In addition, our Board of Directors has the authority to issue up to 10 million shares of Preferred Stock (of which
2 million shares have been designated as Series A Junior Participating Preferred Stock) and to determine the
price, rights, preferences, privileges and restrictions, including voting rights, of those shares without any further
vote or action by the stockholders.
The rights of the holders of our common stock may be subject to, and may be adversely affected by, the rights of
the holders of any Preferred Stock that may be issued in the future. The issuance of Preferred Stock may have the
effect of delaying, deterring or preventing a change in control of Yahoo! without further action by the
stockholders and may adversely affect the voting and other rights of the holders of our common stock. Further,
some provisions of our charter documents, including provisions eliminating the ability of stockholders to take
action by written consent and limiting the ability of stockholders to raise matters at a meeting of stockholders
without giving advance notice, may have the effect of delaying or preventing changes in control or management
of Yahoo!, which could have an adverse effect on the market price of our stock. In addition, our charter
documents do not permit cumulative voting, which may make it more difficult for a third-party to gain control of
our Board of Directors. Further, we are subject to the anti-takeover provisions of Section 203 of the Delaware
General Corporation Law, which will prohibit us from engaging in a “business combination” with an “interested
stockholder” for a period of three years after the date of the transaction in which the person became an interested
stockholder, even if such combination is favored by a majority of stockholders, unless the business combination
is approved in a prescribed manner. The application of Section 203 also could have the effect of delaying or
preventing a change in control of Yahoo!.

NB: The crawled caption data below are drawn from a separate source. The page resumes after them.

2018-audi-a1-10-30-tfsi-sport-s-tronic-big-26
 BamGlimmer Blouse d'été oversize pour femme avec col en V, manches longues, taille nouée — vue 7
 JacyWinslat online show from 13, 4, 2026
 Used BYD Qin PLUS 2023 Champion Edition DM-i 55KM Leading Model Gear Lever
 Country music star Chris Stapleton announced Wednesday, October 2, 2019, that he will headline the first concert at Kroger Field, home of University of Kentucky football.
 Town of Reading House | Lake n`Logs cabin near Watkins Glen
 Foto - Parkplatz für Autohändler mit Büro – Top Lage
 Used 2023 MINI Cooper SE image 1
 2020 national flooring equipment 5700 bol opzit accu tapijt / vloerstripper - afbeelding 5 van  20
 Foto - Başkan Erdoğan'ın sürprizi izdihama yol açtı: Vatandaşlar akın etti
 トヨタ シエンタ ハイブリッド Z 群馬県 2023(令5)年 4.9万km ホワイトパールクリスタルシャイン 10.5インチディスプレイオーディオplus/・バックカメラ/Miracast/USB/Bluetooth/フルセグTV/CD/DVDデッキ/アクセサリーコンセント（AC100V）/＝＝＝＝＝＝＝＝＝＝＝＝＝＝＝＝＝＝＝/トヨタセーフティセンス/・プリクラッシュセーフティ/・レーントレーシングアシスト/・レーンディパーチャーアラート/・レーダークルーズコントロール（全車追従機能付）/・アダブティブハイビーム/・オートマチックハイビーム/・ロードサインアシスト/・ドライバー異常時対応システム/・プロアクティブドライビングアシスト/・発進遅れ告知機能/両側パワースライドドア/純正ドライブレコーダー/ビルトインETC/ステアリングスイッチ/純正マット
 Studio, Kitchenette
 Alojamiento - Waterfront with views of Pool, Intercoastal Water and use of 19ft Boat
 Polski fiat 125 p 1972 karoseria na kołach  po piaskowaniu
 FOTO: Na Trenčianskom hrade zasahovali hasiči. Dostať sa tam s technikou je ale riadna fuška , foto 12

Item 1B. Unresolved Staff Comments
None.
Item 2. Properties
Our headquarters is located in Sunnyvale, California and consists of owned and leased space aggregating
approximately 1.4 million square feet. We also lease office space in Argentina, Australia, Belgium, Brazil,
Canada, China, Egypt, France, Germany, Hong Kong, India, Indonesia, Ireland, Israel, Italy, Japan, Jordan,
Kuwait, Malaysia, Mexico, New Zealand, Norway, the Philippines, Saudi Arabia, Singapore, South Korea,
Spain, Switzerland, Taiwan, the United Arab Emirates, the United Kingdom, and Vietnam. In the United States,
we lease offices in various locations, including Atlanta, Boston, Champaign, Chicago, Dallas, Detroit, Hillsboro,
the Los Angeles Area, Miami, New York, Omaha, Orlando, the San Diego Area, the San Francisco Bay Area, the
Seattle Area, Brentwood and Franklin, Tennessee, and Washington, D.C. Our data centers are operated in
locations in the United States, Europe, and Asia.
We believe that our existing facilities are adequate to meet current requirements, and that suitable additional or
substitute space will be available as needed to accommodate any further physical expansion of operations and for
any additional sales offices.
Item 3. Legal Proceedings
For a description of our material legal proceedings, see Note 13—“Commitments and Contingencies” in the
Notes to the consolidated financial statements, which is incorporated herein by reference.
Item 4. Submission of Matters to a Vote of Security Holders
No matters were submitted to a vote of security holders during the fourth quarter of 2009.